Similarly, there is a graph labelled “Time spent doing I/Os” — again with Y axis labelled in seconds.

The value displayed ranges between 0s and 1s. Its query is:

rate(node_disk_io_time_seconds_total{instance="$node",job="$job"}[5m])

In fact, this is the query for “%util” shown before. Because this is a rate, the value displayed is really the number of seconds every second for which I/O is active. So it would be better displayed as a fraction or percentage, not as a time. Once again, a simple change to the axis legend and units makes it much clearer.

Another graph, labelled “Disk R/W Time”, shows these metrics:

rate(node_disk_read_time_seconds_total{...}[5m])rate(node_disk_write_time_seconds_total{...}[5m])

Unfortunately, those graphs aren’t very meaningful. Despite being labelled as seconds, again they are actually dimensionless (seconds per second). If your disks are doing 100 read operations per second, and each one takes 20ms, then the value displayed is “2 seconds”, but that just means an average of 2 reads are taking place concurrently.

What would be much more useful is to use the queries for r_await and w_await, which are:

rate(node_disk_read_time_seconds_total{...}[5m]) / rate(node_disk_reads_completed_total{...}[5m])rate(node_disk_write_time_seconds_total{...}[5m]) / rate(node_disk_writes_completed_total{...}[5m])

The dimension of these queries is “seconds”, and gives the average service time for read and write requests respectively —in this example the graph would show “20ms” — and that is much more interesting.

UPDATE: the dashboard author has graciously taken these updates on board. Thank you Ricardo!

Conclusion

Hopefully this article has helped you understand node_exporter's disk metrics, how they relate to the raw kernel data from /proc/diskstats, how to build useful Prometheus queries with them, and how to interpret the results.

[1] To be strictly accurate, this is in kibibytes (1024 bytes). Disk transfers are in whole sectors, which are 512 bytes or 4096 bytes, so this is the conventional unit for disk transfer speeds.

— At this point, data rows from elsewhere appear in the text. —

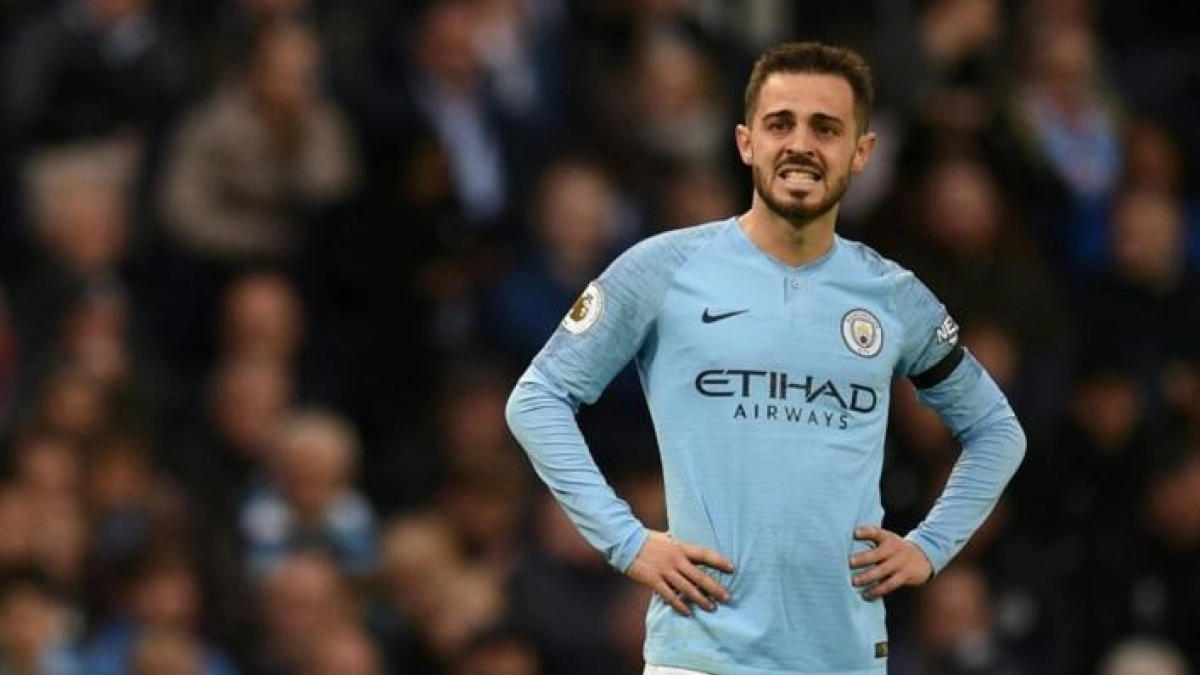 Fichajes Atlético: Bernardo Silva se acerca / Besoccer.com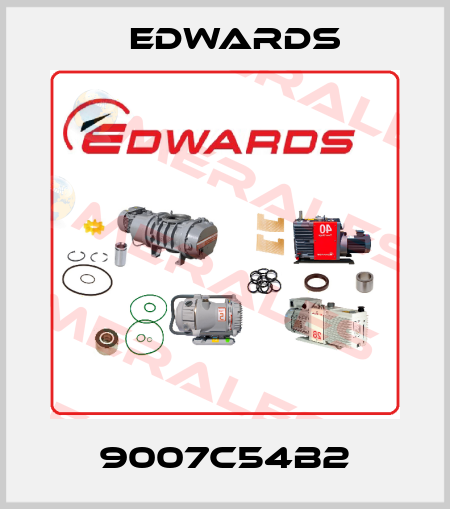 9007C54B2 Edwards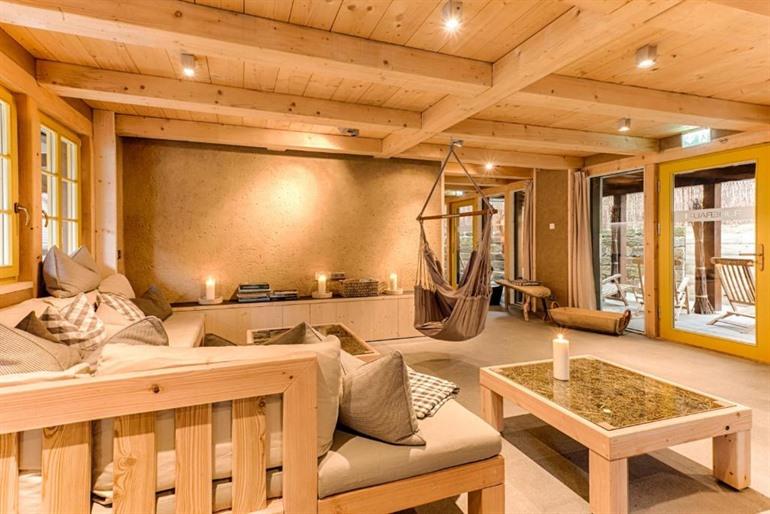 Hotel zur Mühle buchen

However to be awkward, disk storage capacities are generally in power-of-ten units (e.g. 1 megabyte = 1,000,000 bytes), as are network transfer speeds (e.g. 1 megabit per second = 1,000,000 bits per second).
Prometheus happily ducks this question by converting to bytes. How you scale your graphs is up to you; Grafana supports both options, calling them “SI” for powers of ten, and “IEC” for powers of two.

[2] In iostat there is logic to force the answer to zero when the denominator is zero, i.e. the device is idle. With the prometheus queries shown, you’ll end up with NaN or infinity.